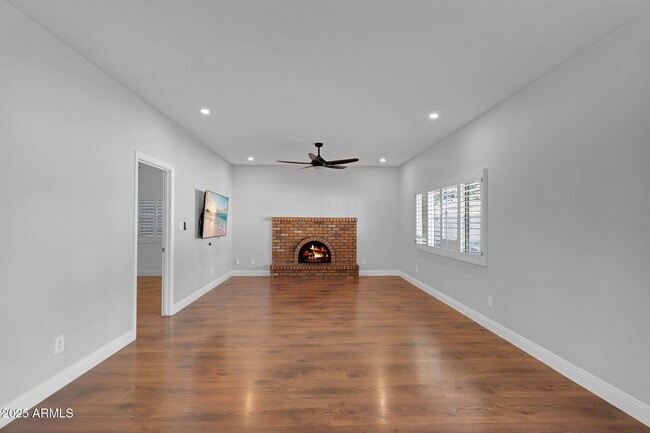 Building Photo - 2542 W Nopal Ave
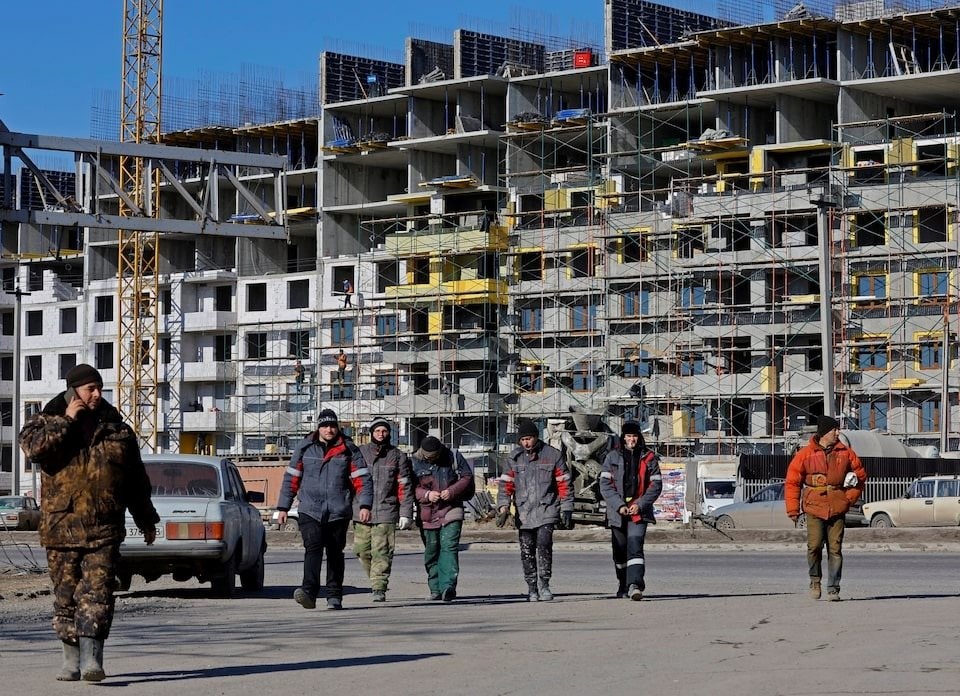 Gặp khó, Nga ‘bắt tay’ với nền kinh tế 4,5 nghìn tỷ USD, tìm cách xả bớt tiền của nước đối tác - Ảnh 1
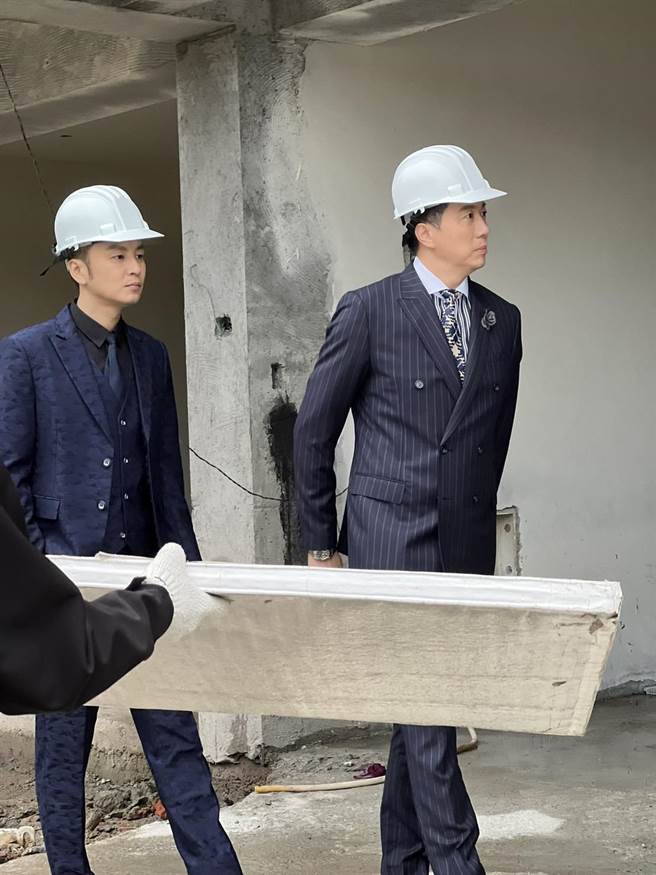 吳皓昇與張書偉到工地拍攝。（民視提供）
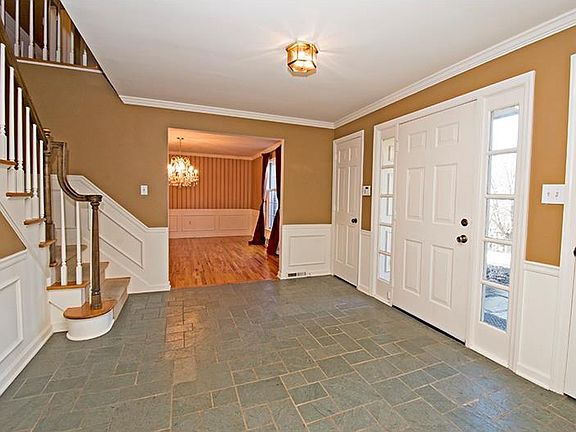 2nd image of 110 Shannon Dr
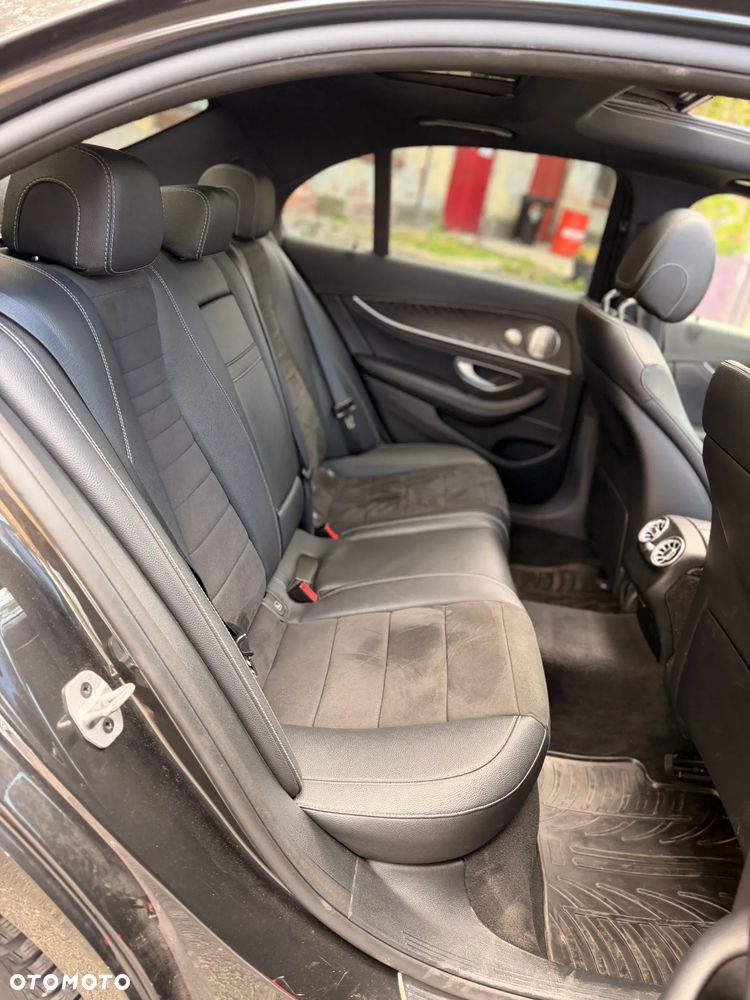 Mercedes-Benz Klasa E 220 d 9G-TRONIC - 23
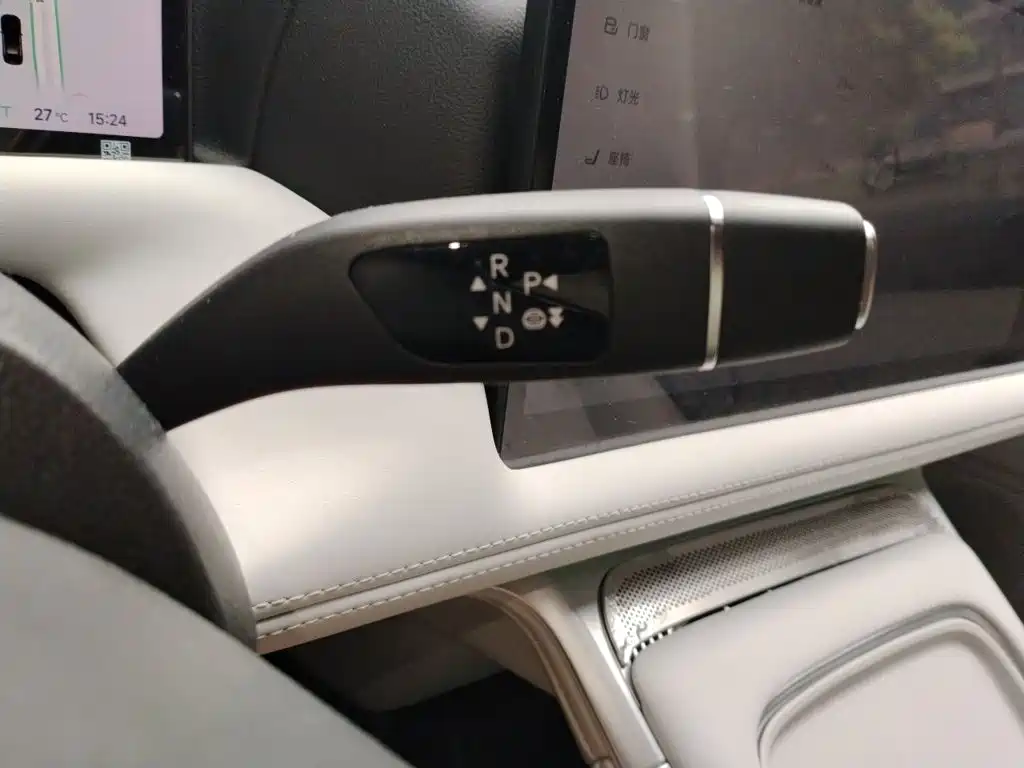 XPeng G9 — миниатюра 7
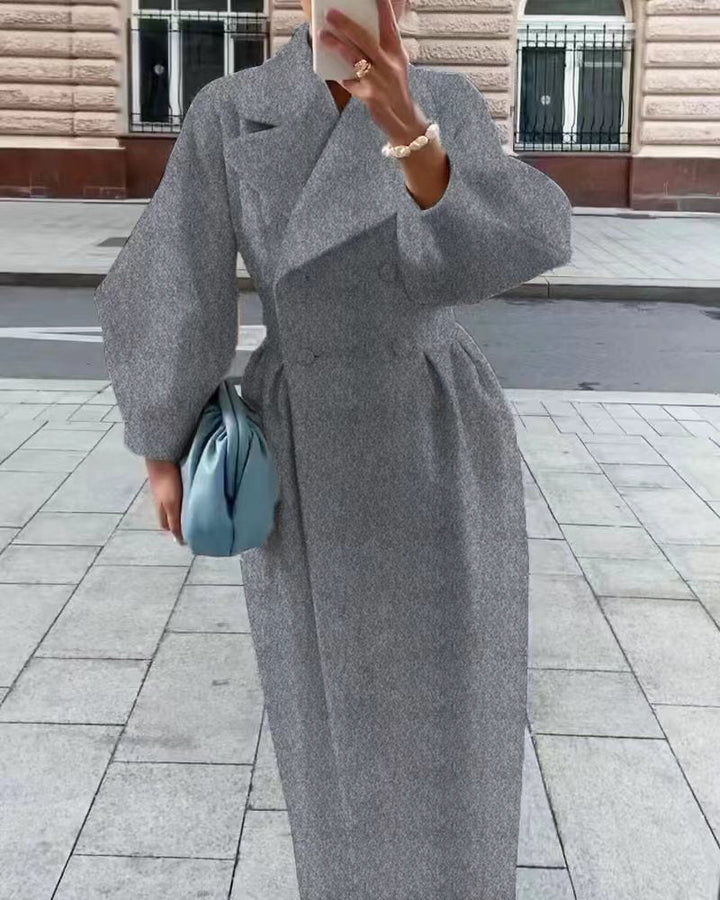Damens maximal oversized mantel med axelaxlar och dubbelrad Mirla-Eva Jonsson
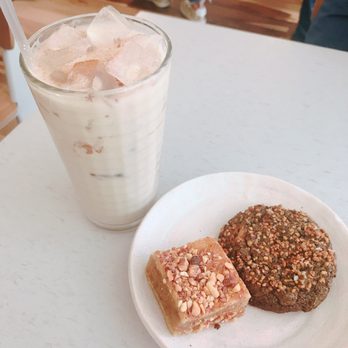 Breadbelly - Brown sugar mochi and cookie - Bakeries Near Me - San Francisco, California Breadbelly - Brown sugar mochi and cookie - Bakeries Near Me - San Francisco, California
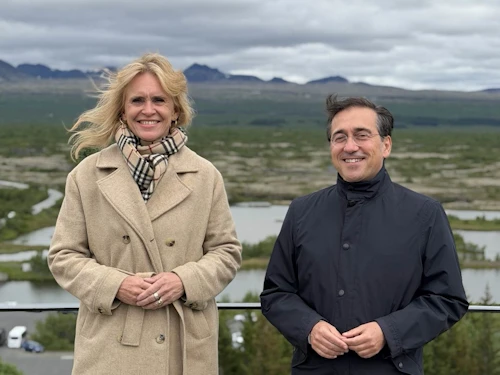 Þorgerður Katrín Gunnarsdóttir ásamt spænska utanríkisráðherranum, José Manuel Albares Bueno.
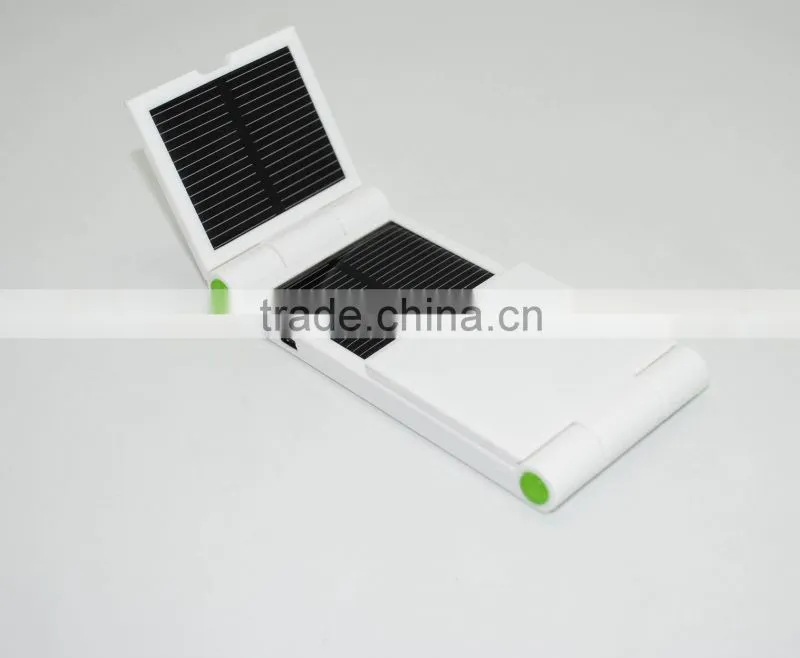 Portable Solar Charger for iPhone and Mobile Phone (XLN-606)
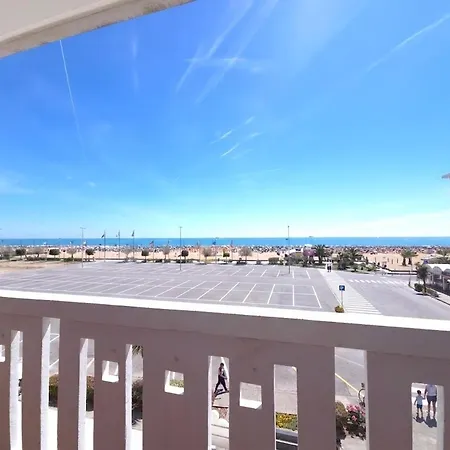 Giulio's - Beachfront Apartment *
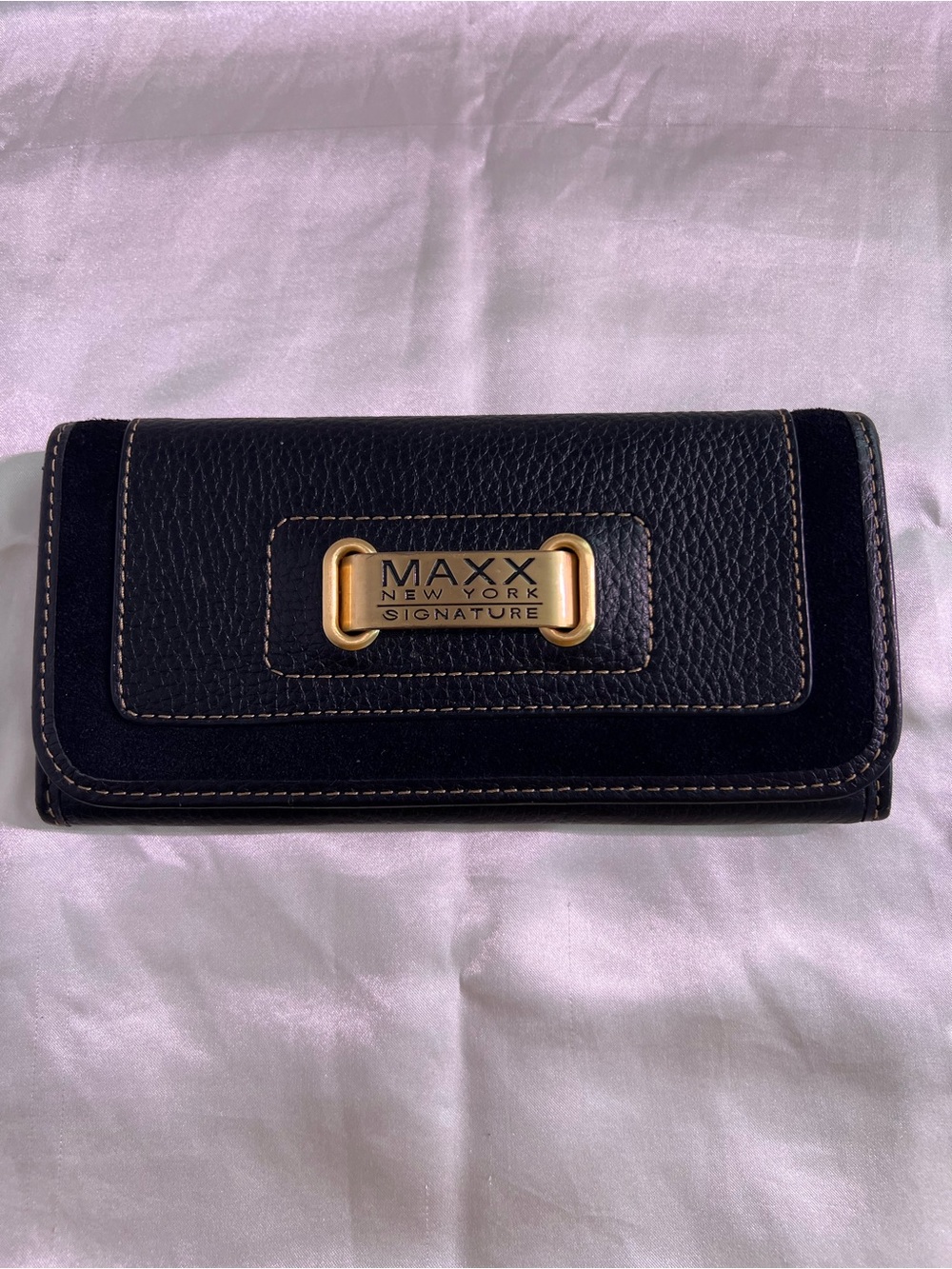 Maxx New York Black Leather Card Holder with Gold Plaque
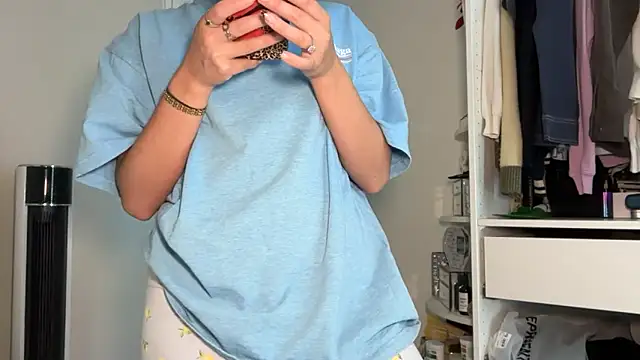 KayleeBella online show from April 5, 7:20 pm
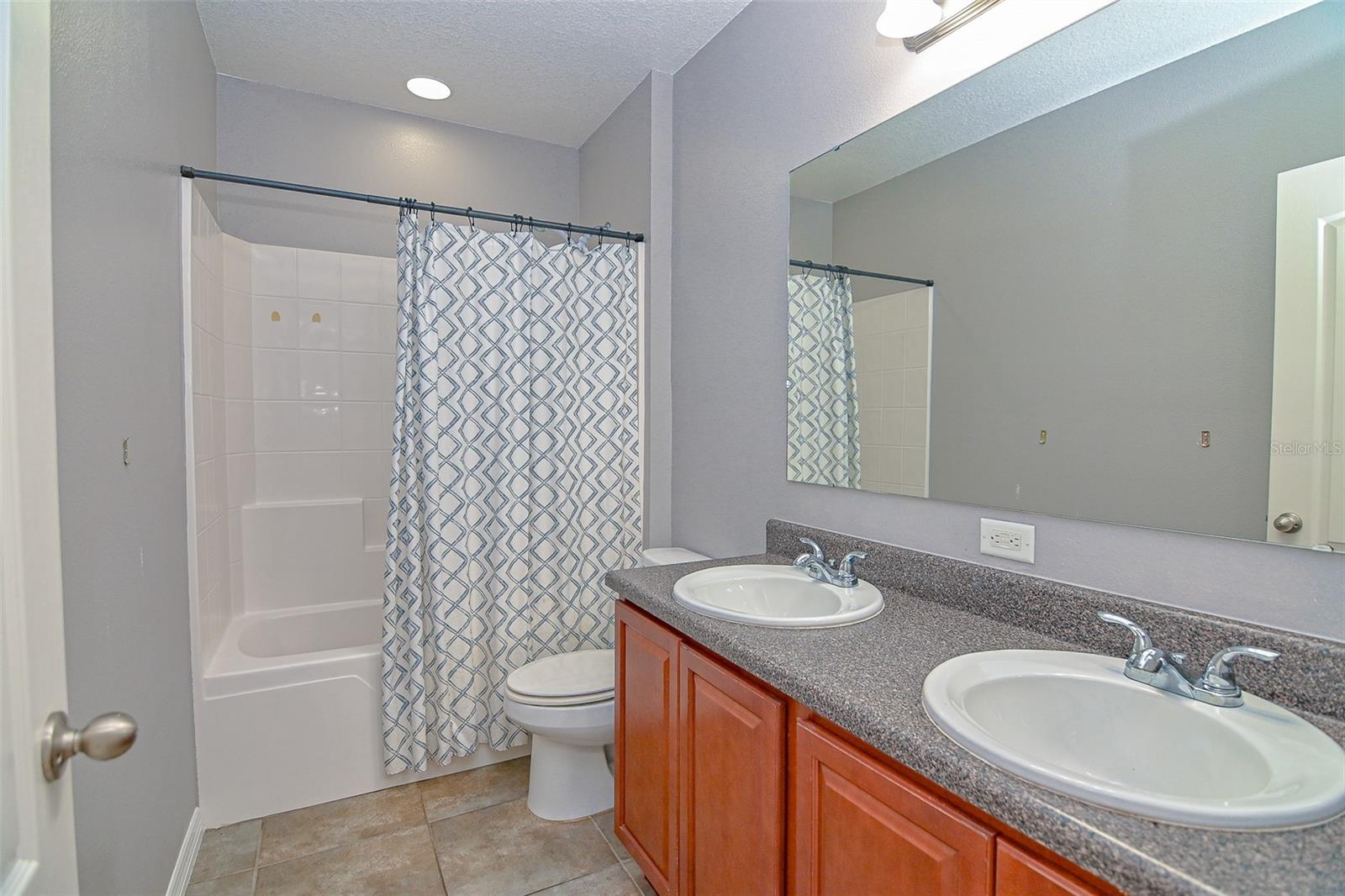 MABEL LOOP RIDGE SUB - Residential Lease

◆ WHAT YOU NEED TO DO
Above are some entries. Restate word for word the lines from the one holding "XPeng G9 — миниатюра 7" through the one holding "Francisco, California Breadbelly", but not the pictures.

◆ YOUR RESPONSE
 XPeng G9 — миниатюра 7
Damens maximal oversized mantel med axelaxlar och dubbelrad Mirla-Eva Jonsson
 Breadbelly - Brown sugar mochi and cookie - Bakeries Near Me - San Francisco, California Breadbelly - Brown sugar mochi and cookie - Bakeries Near Me - San Francisco, California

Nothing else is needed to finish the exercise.